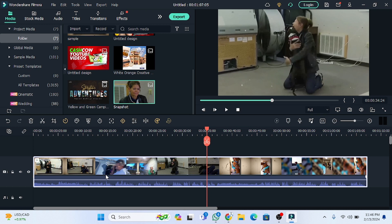Welcome back to the Filmora video editing series. In the last class we discussed all the basic options, so now we are going to move to the important and main options.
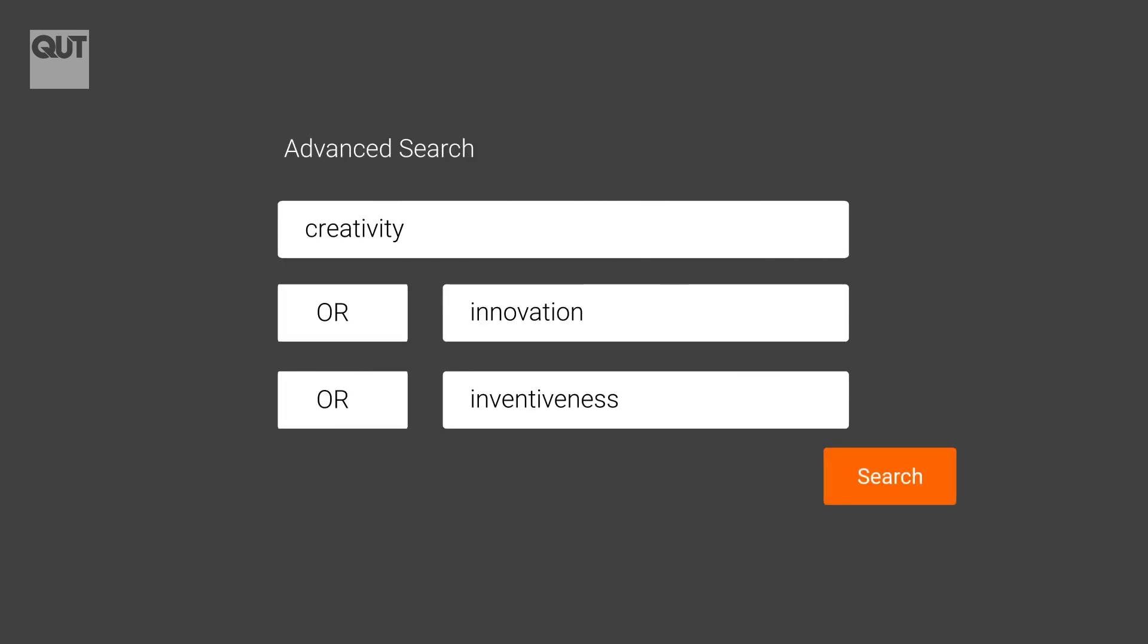Databases feature an advanced search page that guide you to enter multiple keywords and join them with OR.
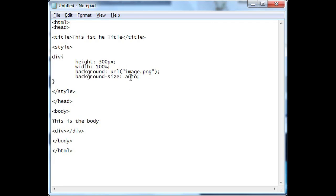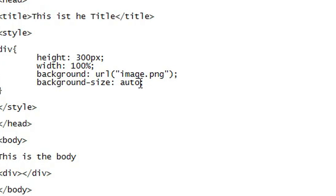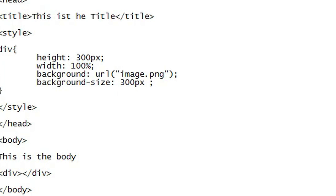I have it set to auto because it'll set the size however based on the image.png. So if we want to change the scale here we can just set our own size say 300 pixels by 200 pixels. Now the first property is the width and the second is the height.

Work instructions: Starting at the first line of the material above and ending with the line that contains "Databases feature an", reproduce every line exactly, and leave out the pictures.

Output:
Welcome back to the Filmora video editing series. In the last class we discussed all the basic options, so now we are going to move to the important and main options.
Databases feature an advanced search page that guide you to enter multiple keywords and join them with OR.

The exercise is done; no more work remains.